> **REQUIREMENT**
Read through the records below and copy each line that uses the word "with".

> **DATA FOR REVIEW**
^^^^
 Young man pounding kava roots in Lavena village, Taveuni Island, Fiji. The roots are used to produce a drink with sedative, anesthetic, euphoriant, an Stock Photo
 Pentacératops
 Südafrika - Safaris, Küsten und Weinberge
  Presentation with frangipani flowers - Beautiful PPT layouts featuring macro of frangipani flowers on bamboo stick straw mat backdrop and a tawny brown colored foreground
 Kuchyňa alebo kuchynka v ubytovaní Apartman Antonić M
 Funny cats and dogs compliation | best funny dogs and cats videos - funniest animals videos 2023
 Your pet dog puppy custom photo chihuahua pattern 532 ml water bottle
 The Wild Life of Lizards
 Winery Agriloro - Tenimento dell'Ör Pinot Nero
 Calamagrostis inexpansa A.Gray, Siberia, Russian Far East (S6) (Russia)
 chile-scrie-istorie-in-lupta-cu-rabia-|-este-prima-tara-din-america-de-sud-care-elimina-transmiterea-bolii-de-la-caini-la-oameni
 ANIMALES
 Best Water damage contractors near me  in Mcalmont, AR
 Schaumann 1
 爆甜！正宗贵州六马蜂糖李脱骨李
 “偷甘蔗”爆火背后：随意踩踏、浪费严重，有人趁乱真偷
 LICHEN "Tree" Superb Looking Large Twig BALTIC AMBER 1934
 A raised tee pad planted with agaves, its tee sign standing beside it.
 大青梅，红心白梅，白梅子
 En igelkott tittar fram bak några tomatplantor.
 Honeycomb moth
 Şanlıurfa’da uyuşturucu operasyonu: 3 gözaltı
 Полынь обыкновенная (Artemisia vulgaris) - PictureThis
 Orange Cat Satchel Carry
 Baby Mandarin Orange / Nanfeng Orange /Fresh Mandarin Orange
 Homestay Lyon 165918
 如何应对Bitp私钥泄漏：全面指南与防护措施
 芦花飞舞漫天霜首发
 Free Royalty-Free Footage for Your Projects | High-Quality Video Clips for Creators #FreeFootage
^^^^
> **SOLVED PROBLEM**
 Young man pounding kava roots in Lavena village, Taveuni Island, Fiji. The roots are used to produce a drink with sedative, anesthetic, euphoriant, an Stock Photo
  Presentation with frangipani flowers - Beautiful PPT layouts featuring macro of frangipani flowers on bamboo stick straw mat backdrop and a tawny brown colored foreground
 A raised tee pad planted with agaves, its tee sign standing beside it.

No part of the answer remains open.